§ **Work instruction**
From the line containing "Chalet De Luxe" down to the last line of the material, output each line exactly as it appears, excluding pictures.

§ **Data block**
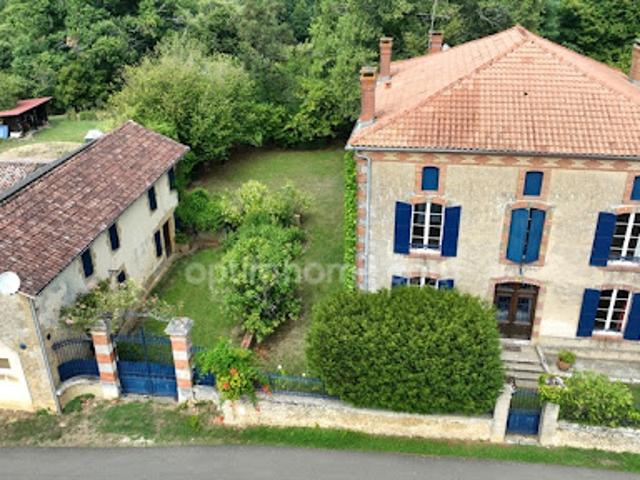Vente Maison 12 pièces 430 m2 Cazaubon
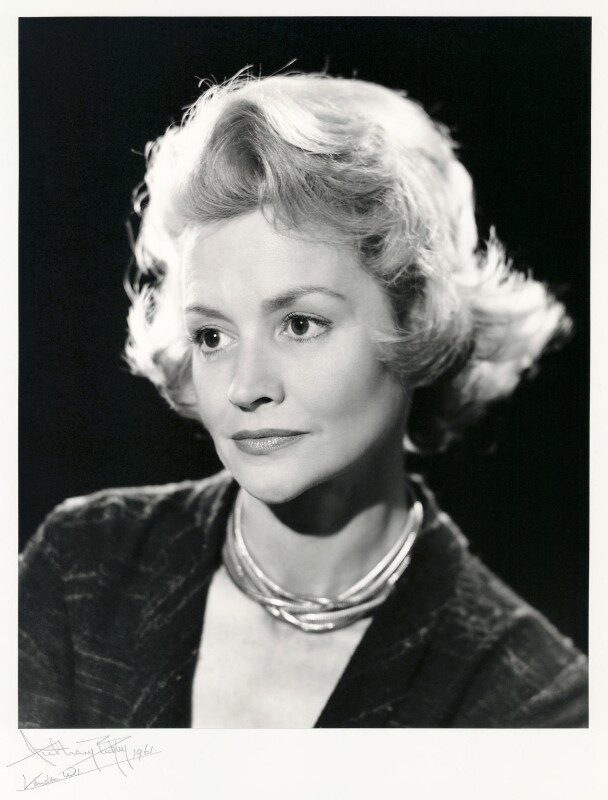 actor Ursula Howells large photo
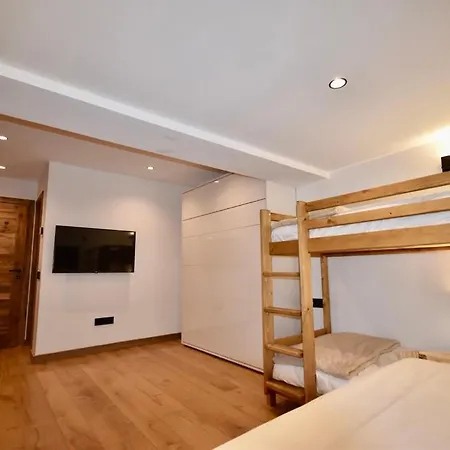 Chalet De Luxe Avec Magnifique Vue A Courchevel, 5 Chambres, 15 Pers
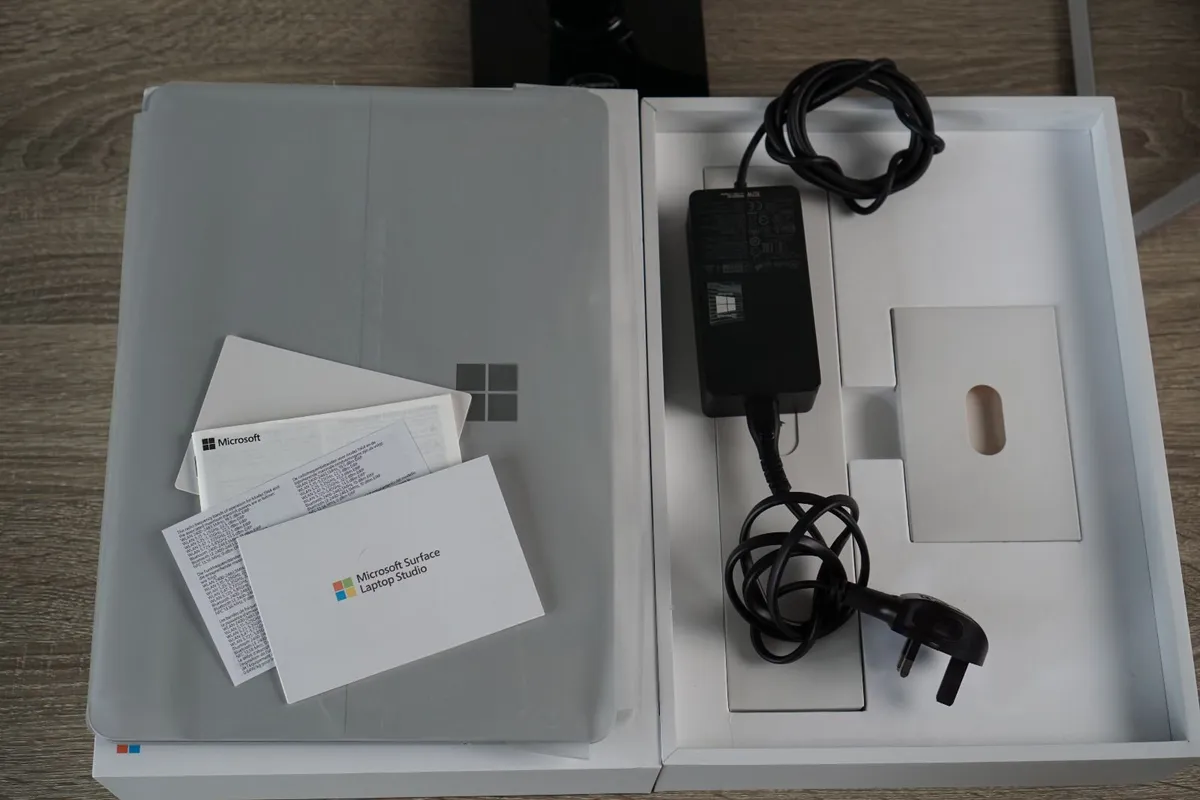 Microsoft Surface Laptop Studio | i7-11370H | 3050 - Image 2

§ **Answer space**
 Chalet De Luxe Avec Magnifique Vue A Courchevel, 5 Chambres, 15 Pers
 Microsoft Surface Laptop Studio | i7-11370H | 3050 - Image 2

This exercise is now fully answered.